§ TASK ITEM
Look below for the line containing "Apartment Grozdanovski Skopje", then write out that line and every line after it to the end, exactly, minus the pictures.

(Stored data)
•••••

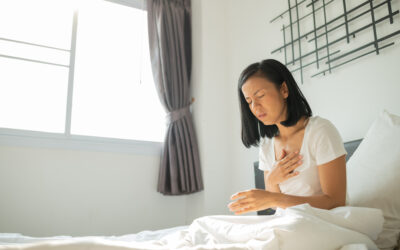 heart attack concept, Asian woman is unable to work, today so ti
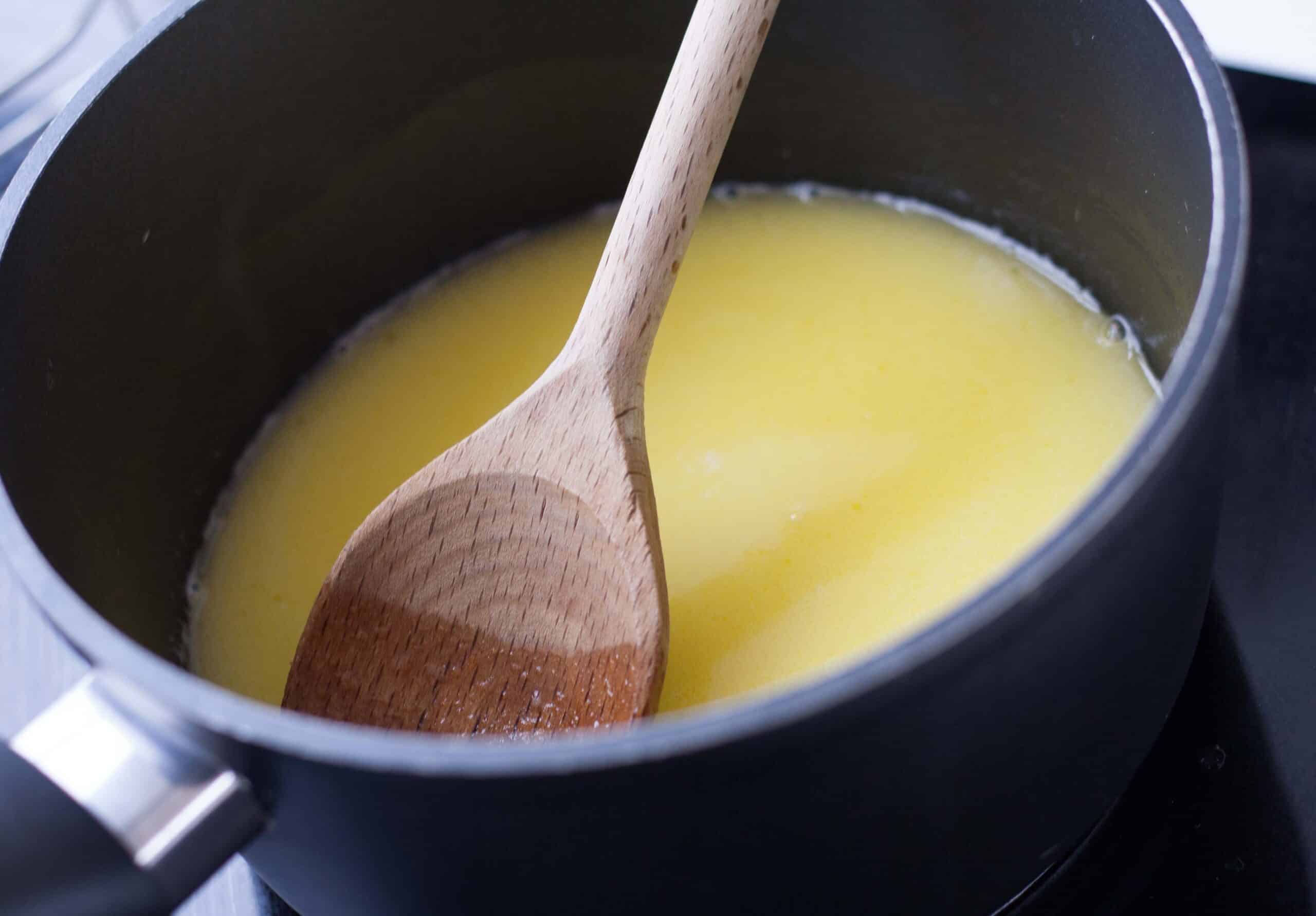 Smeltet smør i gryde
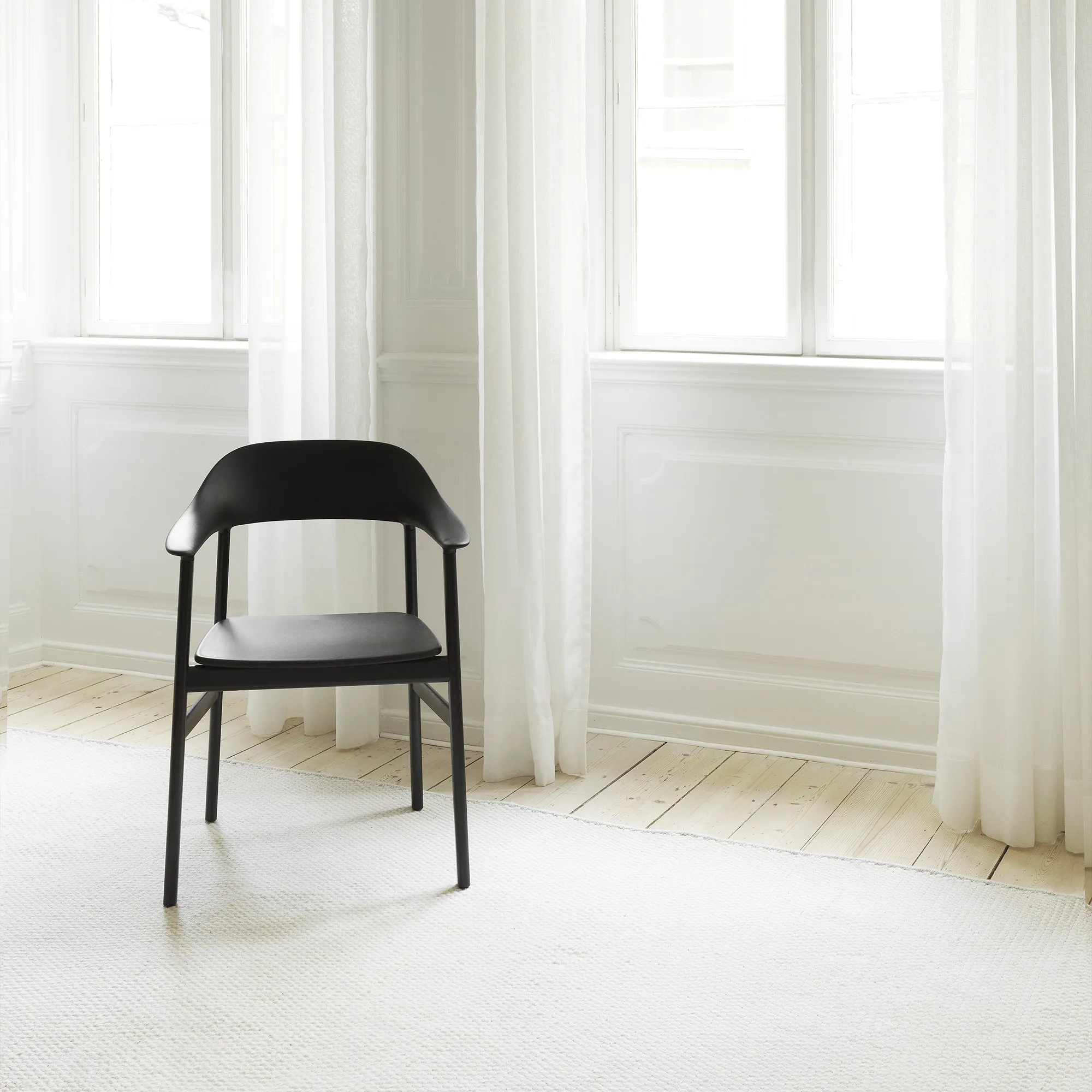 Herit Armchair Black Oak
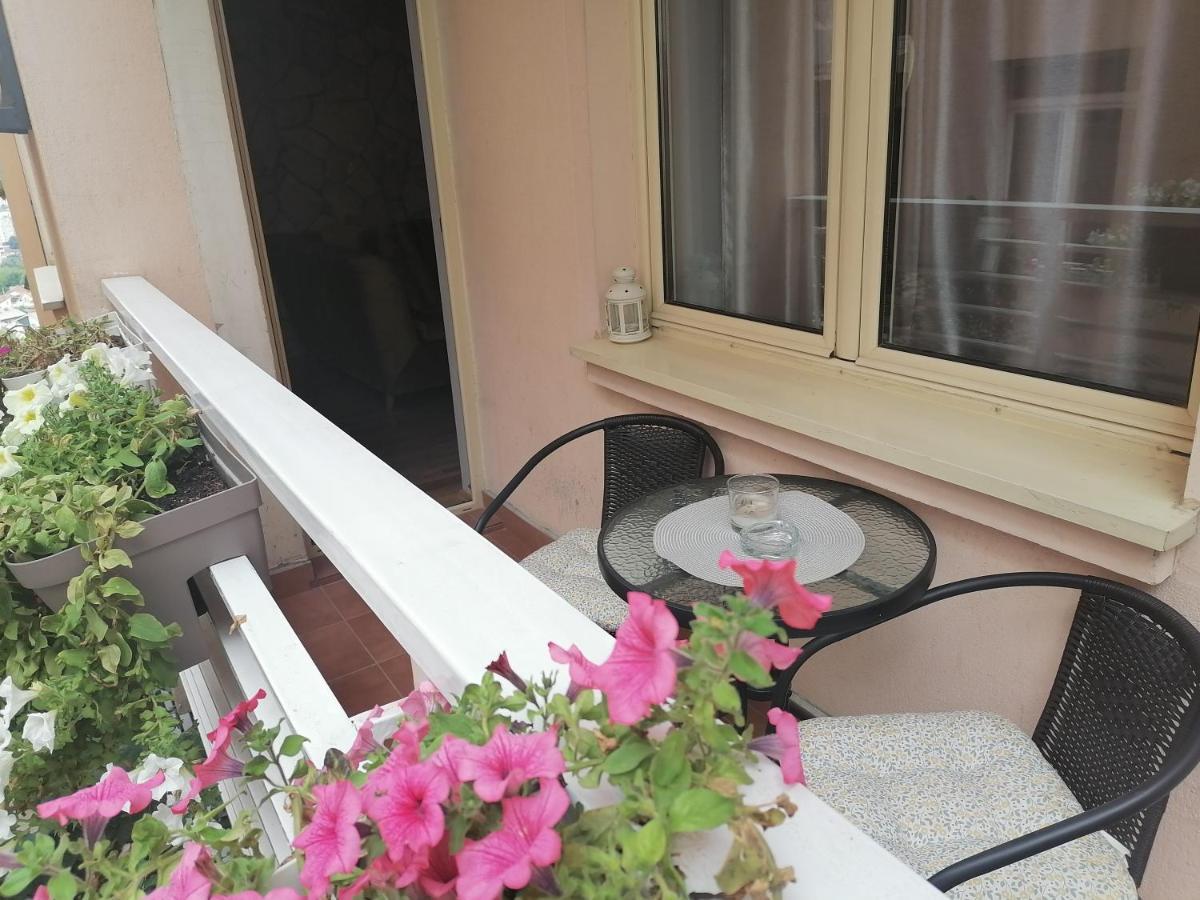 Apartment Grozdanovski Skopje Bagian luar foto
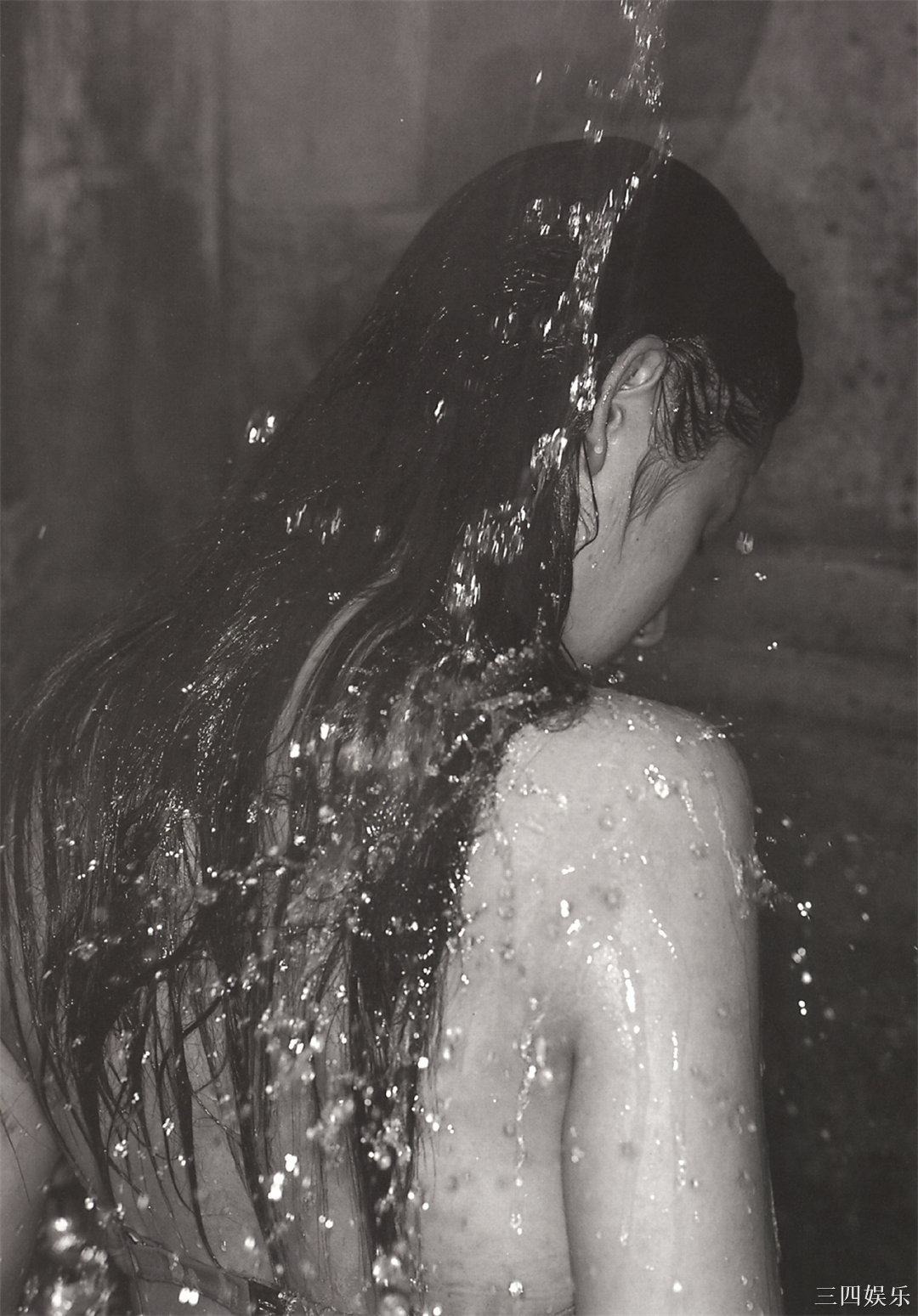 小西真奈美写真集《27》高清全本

•••••

§ TASK RESPONSE
 Apartment Grozdanovski Skopje Bagian luar foto
 小西真奈美写真集《27》高清全本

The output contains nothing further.